Question

 

Recalling that the electron configuration for neon (10Ne) is 1s²2s²2p⁶, explain the chemical properties of the adjacent elements (₉F and ₁₁Na).

Answer 1

1) Fluorine properties :

a) 'F' is 7th 17th group element. its electronic configuration 1s²2s²2p⁵ . it just nearest electronic conguration of Ne inert gas.

b) Fluorine readily accept electron to form anion F^- to get inert gas configuration 1s²2s²2p⁶ .

c) F is highest electronnegative atom in the periodic table . it is due to small atomic size and high electronegativity.

d) 'F' is non-metal due to high electronegativity.

e) 'F' shows only two oxidation states 0, -1.

f) F' forms two oxides OF2 and O2F2 . these are called Oxygen fluorides because of high electronegativity.

those oxides never be called as Fluorine oxides.

g) due Nearest electronic configuration of Ne , it forms many metal fluorides

   example : NaF , LiF, MgF2 , AlF3   etc

h) finally Fluorine is non- metal, high electronegative, always accept electrons , never loose electrons . these all properties are due to which is present nearset to inert gas Ne

2) Na properties:

a) 'Na' is 1st group element. its electronic configuration 1s²2s²2p⁶3s¹ . it is having one more electron than inert gas Ne

b) Na' readily loose one electron form Na+   stabel cation this cation electronic configuration is 1s²2s²2p⁶.

c) sodium is highly electropoistive element and readily form cation Na+

d) sodium is metal due to high electropositivity.

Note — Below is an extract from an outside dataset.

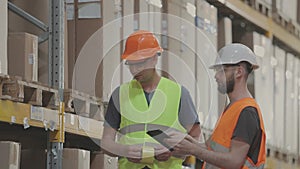 Engineers in a factory warehouse. Two workers in a warehouse are discussing work.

e) sodium forms metallic oxides in tis +1 oxidation states

   ex: Na2O , Na2O2

f) sodium oxides are basic in nature . it is due to high elecropositivity of Na

g) Na forms many other metallic compounds in its +1 oxidation states

ex: NaF, NaCl, Na2SO4, Na2CO3, NaHCO3

h) so fianally sodium is metal, high electropositive , always shows +1 oxidation state.